The Dangers of Ethylene Glycol

Recent frosty days and freezing nights remind many of us to prepare for winter. Sweaters are brought out, firewood is stacked, and our vehicles need to be winterized — including changing the antifreeze. Such preparations sometimes lead to ethylene glycol poisoning, which effects over 10,000 dogs and cats a year, and is the most common form of pet poisoning in the United States.

Ethylene glycol is the primary ingredient in antifreeze, making up 95 to 97% of the product.  A tiny amount of antifreeze is enough to cause pets to become dangerously ill. Only a teaspoon or two will poison a cat, while three tablespoons will poison a fifteen pound dog. A dog only needs to ingest 2 to 3 milliliters of ethylene glycol per pound of body weight to get a lethal dose of the toxin; cats only need to ingest 0.64 milliliters for the same effect.

Dr. Trista Pleimann, one of our emergency veterinarians, says that what makes ethylene glycol such a dangerous and common form of poisoning is that the toxin’s sweet smell and taste appeals to an animal’s sweet tooth. “Dogs and cats are attracted to sweetness because sweetness suggests that a food has a lot of energy,” Dr. Pleimann explains. Dogs and cats will ingest large quantities of antifreeze to take advantage of what they perceive to be a good source of energy. 

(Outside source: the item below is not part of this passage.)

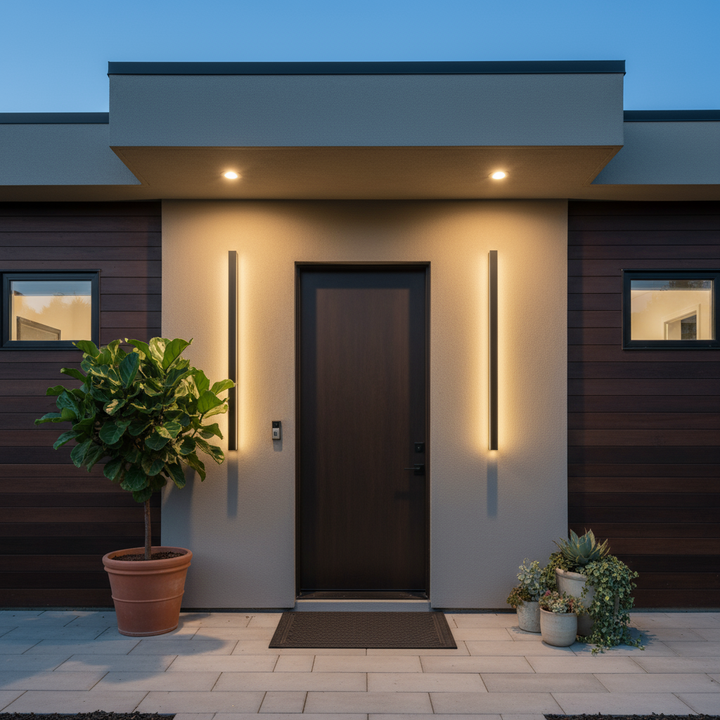 Modern American suburban house front porch with LED wall lights on both sides at dusk | NoxLumin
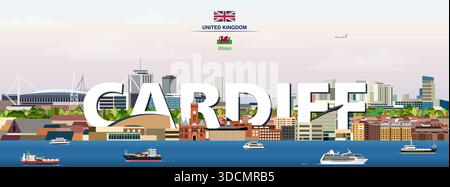 Cardiff grafica grafica stilizzata paesaggio urbano colorata illustrazione vettoriale con grande nome della città sullo sfondo Illustrazione Vettoriale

When looking for clinical signs of ethylene glycol poisoning, Dr. Pleimann advises pet owners that the toxin has an immediate and a long-term affect on the body, and that the symptoms of each depend on how long it has been since the pet drank the antifreeze as well as the amount they drank.

Antifreeze is rapidly absorbed and metabolized once it has been consumed. Thirty minutes after drinking antifreeze, a pet can appear to be drunken or wobbly, a condition known as ataxia. Pets may also drink excessive amounts of water, and urinate more frequently. The toxin can also irritate the stomach lining, causing the dog or cat to vomit.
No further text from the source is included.